US 11,881,022 B2
Weakly-supervised action localization by sparse temporal pooling network
Ting Liu, Playa Vista, CA (US); Gautam Prasad, Los Angeles, CA (US); Phuc Xuan Nguyen, San Diego, CA (US); and Bohyung Han, Seoul (KR)
Assigned to GOOGLE LLC, Mountain View, CA (US)
Filed by Google LLC, Mountain View, CA (US)
Filed on Mar. 10, 2023, as Appl. No. 18/181,806.
Application 18/181,806 is a continuation of application No. 16/625,172, granted, now 11,640,710, previously published as PCT/US2018/059176, filed on Nov. 5, 2018.
Claims priority of provisional application 62/586,078, filed on Nov. 14, 2017.
Prior Publication US 2023/0215169 A1, Jul. 6, 2023
This patent is subject to a terminal disclaimer.
Int. Cl. G06V 20/40 (2022.01); G06F 18/214 (2023.01); G06F 18/243 (2023.01)

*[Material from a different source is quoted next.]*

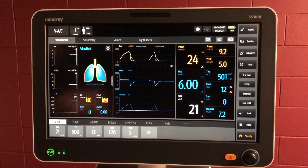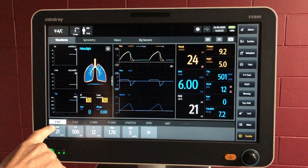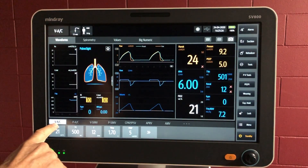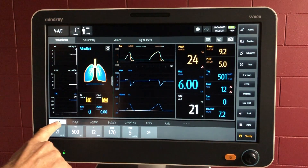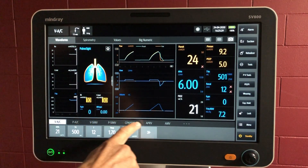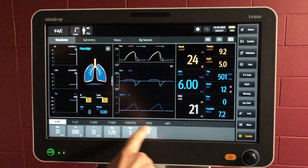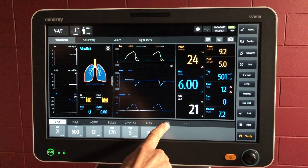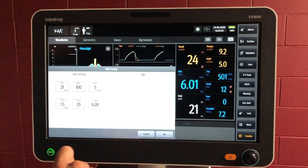To move over from another ventilation mode — at the moment we're in volume assist control — we can go along this line and there are other modes available. AMV is at the end in this case.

CPC G06V 20/40 (2022.01) [G06F 18/214 (2023.01); G06F 18/24317 (2023.01); G06V 20/44 (2022.01)] 20 Claims
OG exemplary drawing
 
1. A computer-implemented method for temporally localizing a target action in a video, comprising:
inputting a video into a machine-learned model comprising one or more weakly supervised temporal action localization models;
analyzing the video by the one or more weakly-supervised temporal action localization models to determine one or more weighted temporal class activation maps; and
determining a temporal location of a target action in the video based at least in part on the one or more weighted temporal class activation maps;
wherein the machine-learned model comprises a sparse temporal pooling network comprising a first weakly supervised temporal action localization model and a second weakly supervised temporal action localization model.